AIM OF THE TASK -
From the line containing "CHANEL Metallic Luxe Ligne Shopper Bronze" through the last line, print the records exactly and nothing else.
═════ RECORDED INFORMATION ═════
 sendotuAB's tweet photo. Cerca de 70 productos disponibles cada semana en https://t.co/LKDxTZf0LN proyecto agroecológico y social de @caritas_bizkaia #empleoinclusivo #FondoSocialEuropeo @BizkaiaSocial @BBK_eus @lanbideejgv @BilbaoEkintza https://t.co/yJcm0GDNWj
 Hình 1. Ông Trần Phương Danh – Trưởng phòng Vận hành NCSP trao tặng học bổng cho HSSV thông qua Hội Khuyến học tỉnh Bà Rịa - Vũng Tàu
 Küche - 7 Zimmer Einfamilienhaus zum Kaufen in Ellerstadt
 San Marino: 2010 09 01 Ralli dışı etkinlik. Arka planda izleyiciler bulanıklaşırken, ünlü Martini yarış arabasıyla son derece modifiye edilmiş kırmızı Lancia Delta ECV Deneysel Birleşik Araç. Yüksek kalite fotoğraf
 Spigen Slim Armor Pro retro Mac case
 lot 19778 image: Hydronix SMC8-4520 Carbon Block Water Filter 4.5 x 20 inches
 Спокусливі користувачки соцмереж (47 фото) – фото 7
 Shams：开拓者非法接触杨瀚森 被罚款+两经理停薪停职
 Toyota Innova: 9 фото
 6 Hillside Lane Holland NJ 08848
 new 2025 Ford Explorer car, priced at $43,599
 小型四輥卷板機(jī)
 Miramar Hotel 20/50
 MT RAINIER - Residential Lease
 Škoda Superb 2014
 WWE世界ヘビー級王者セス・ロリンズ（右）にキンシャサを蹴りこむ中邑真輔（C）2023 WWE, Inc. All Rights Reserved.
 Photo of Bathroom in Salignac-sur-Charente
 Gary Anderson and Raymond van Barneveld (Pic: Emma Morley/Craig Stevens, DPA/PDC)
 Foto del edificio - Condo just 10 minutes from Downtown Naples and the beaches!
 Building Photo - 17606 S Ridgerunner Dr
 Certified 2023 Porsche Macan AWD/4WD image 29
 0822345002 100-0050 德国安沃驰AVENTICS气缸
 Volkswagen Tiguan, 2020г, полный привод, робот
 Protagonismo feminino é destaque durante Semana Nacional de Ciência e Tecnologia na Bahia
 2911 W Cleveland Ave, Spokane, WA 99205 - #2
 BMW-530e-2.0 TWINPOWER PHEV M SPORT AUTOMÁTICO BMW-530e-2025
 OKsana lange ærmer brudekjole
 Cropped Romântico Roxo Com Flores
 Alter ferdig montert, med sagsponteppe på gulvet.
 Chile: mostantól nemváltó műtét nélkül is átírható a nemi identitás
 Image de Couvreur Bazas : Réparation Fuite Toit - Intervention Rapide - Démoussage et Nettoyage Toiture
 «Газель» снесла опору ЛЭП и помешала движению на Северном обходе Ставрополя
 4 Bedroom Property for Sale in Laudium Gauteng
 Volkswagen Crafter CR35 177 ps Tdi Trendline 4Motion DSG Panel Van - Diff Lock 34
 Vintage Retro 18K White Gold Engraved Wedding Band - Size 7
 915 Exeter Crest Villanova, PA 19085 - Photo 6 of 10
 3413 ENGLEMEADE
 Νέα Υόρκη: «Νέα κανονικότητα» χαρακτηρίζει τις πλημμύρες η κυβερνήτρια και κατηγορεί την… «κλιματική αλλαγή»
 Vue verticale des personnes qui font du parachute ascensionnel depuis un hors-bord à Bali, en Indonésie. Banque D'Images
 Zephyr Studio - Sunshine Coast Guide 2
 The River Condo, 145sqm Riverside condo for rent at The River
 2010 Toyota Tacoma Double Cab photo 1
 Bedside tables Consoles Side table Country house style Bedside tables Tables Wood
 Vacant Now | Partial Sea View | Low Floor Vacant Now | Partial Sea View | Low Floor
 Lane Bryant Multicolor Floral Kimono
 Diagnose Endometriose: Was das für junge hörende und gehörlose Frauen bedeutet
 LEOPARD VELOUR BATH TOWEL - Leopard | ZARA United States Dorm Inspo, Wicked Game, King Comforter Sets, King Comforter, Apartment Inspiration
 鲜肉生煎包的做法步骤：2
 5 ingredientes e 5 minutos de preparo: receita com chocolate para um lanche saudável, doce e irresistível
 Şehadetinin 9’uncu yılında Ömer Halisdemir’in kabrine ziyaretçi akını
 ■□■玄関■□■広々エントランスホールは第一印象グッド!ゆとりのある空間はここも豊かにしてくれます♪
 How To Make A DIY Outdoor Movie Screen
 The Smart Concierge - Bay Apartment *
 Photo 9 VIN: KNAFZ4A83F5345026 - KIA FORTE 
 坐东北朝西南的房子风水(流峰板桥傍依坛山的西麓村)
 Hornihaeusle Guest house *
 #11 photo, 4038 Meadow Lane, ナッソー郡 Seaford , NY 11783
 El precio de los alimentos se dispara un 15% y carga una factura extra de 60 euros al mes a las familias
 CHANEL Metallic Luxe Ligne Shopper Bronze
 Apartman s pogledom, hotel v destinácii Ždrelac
═════
THE ANSWER -
 CHANEL Metallic Luxe Ligne Shopper Bronze
 Apartman s pogledom, hotel v destinácii Ždrelac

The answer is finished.